#### DIRECTIONS:
Only the lines from the line with "Tuš set s termostatom REA Pedro Crna" through the end of the records belong in your reply, copied exactly, with every picture left out.

#### DATA TO PROCESS:
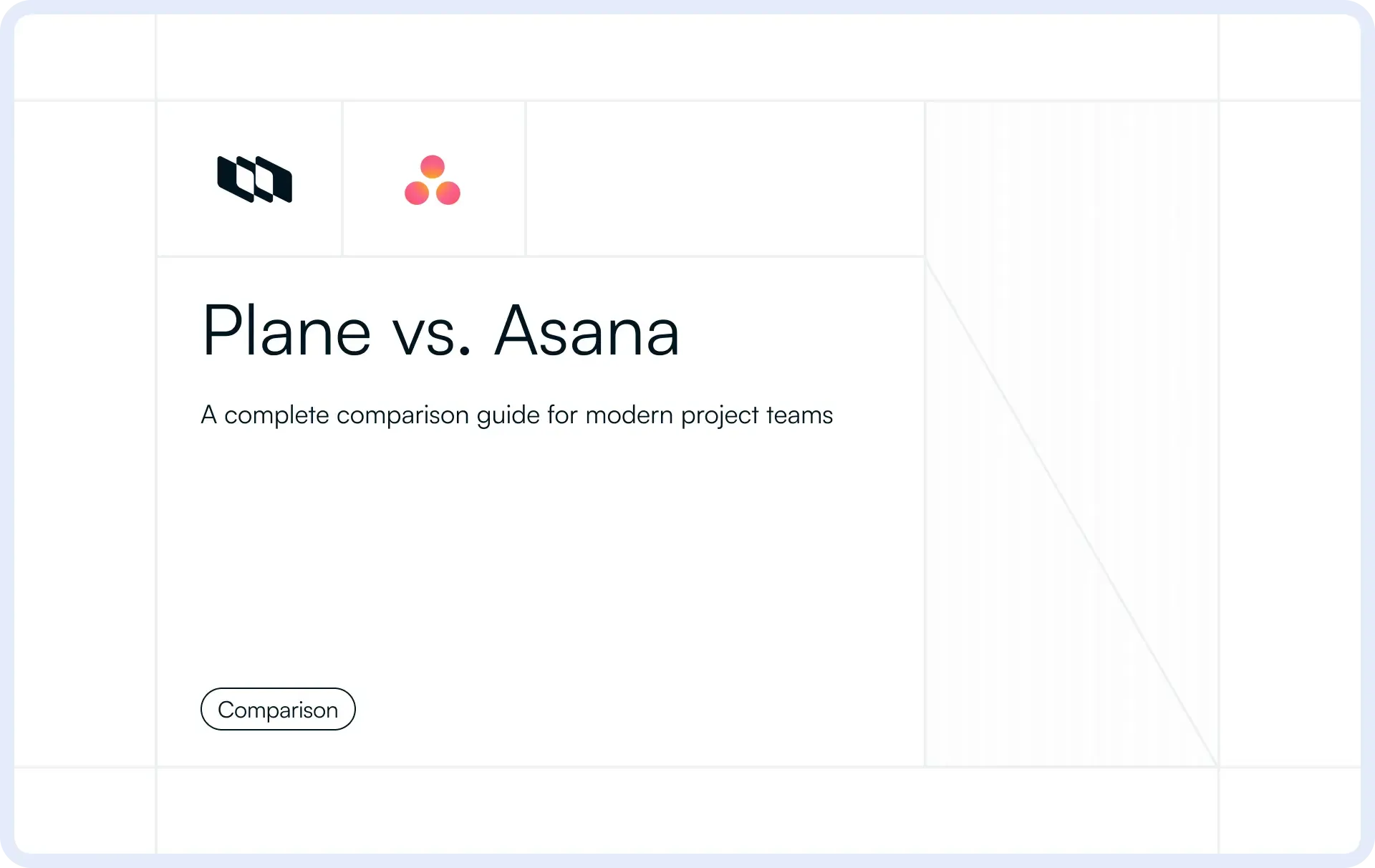 Plane vs Asana comparison guide cover image showing Plane and Asana logos side by side
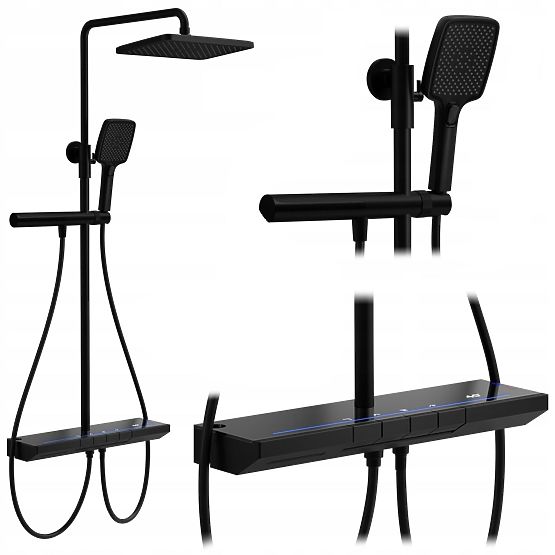 Tuš set s termostatom REA Pedro Crna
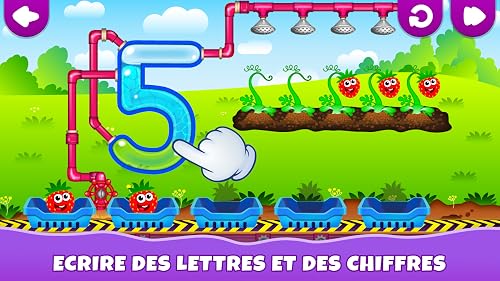 Académie de Drôle de Nourriture: Jeux enfants gratuit: alphabet enfant, apprendre a compter, jeux éducatifs! Apprendre les chiffres & apprendre les couleurs dans le jeux educatif pour enfants gratuit! – vue 4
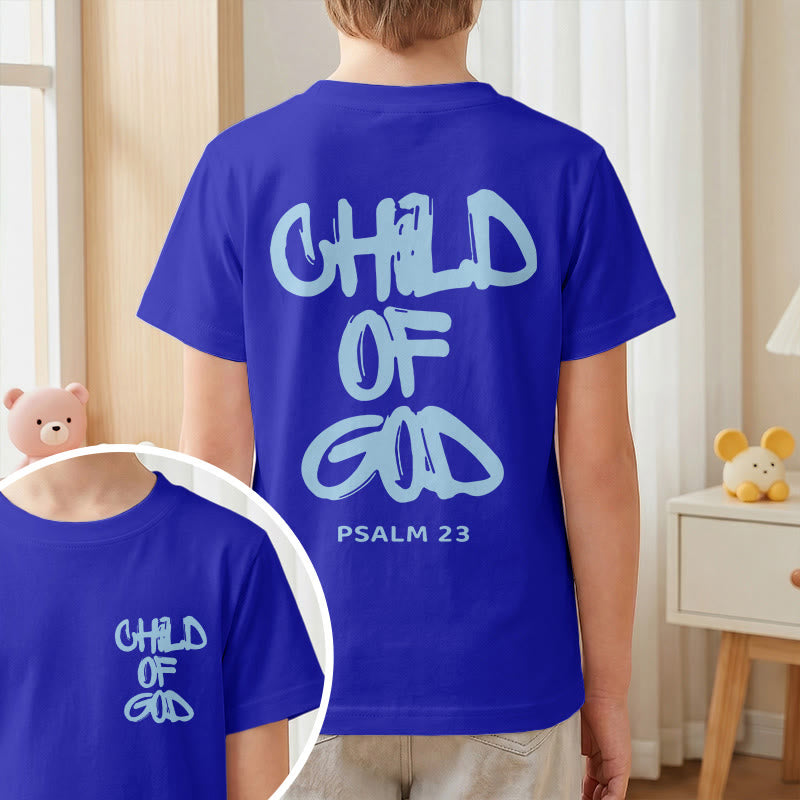 Christianartworkshop T-shirt enfant avec verset biblique dévotionnel « Enfant de Dieu » (Psaume 23) - image 6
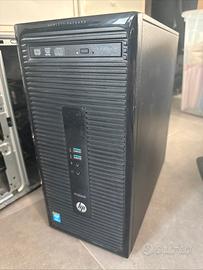 Computer hp desktop ssd 250 8 gb di ram windows 11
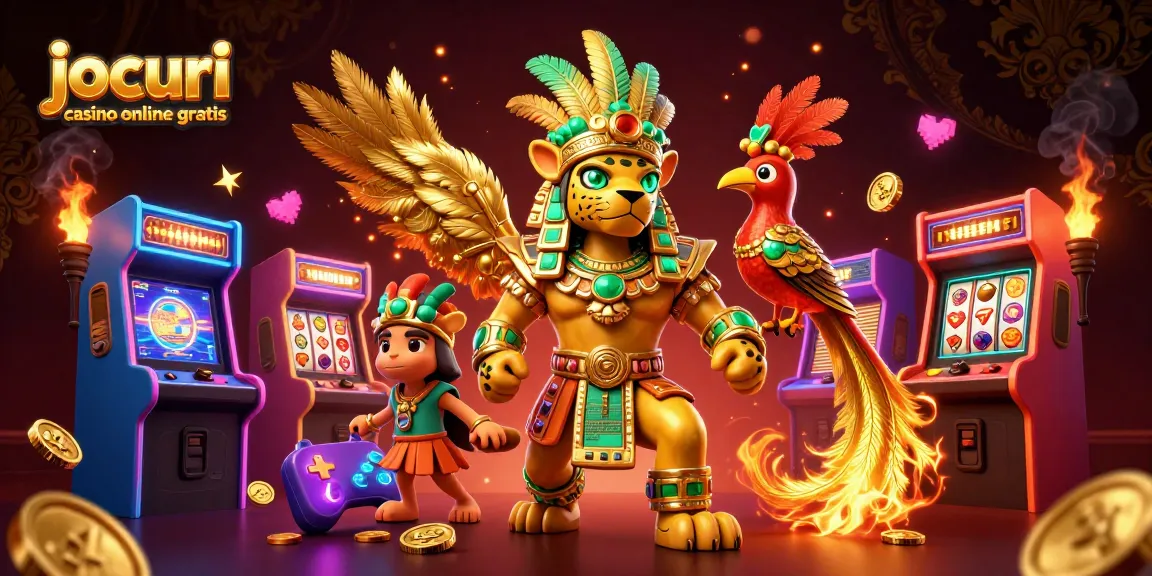 Joacă jocuri casino online gratis cu păcănele fascinante în această ilustrație dinamică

#### RESULT OF THE EXERCISE:
 Tuš set s termostatom REA Pedro Crna
 Académie de Drôle de Nourriture: Jeux enfants gratuit: alphabet enfant, apprendre a compter, jeux éducatifs! Apprendre les chiffres & apprendre les couleurs dans le jeux educatif pour enfants gratuit! – vue 4
 Christianartworkshop T-shirt enfant avec verset biblique dévotionnel « Enfant de Dieu » (Psaume 23) - image 6
 Computer hp desktop ssd 250 8 gb di ram windows 11
 Joacă jocuri casino online gratis cu păcănele fascinante în această ilustrație dinamică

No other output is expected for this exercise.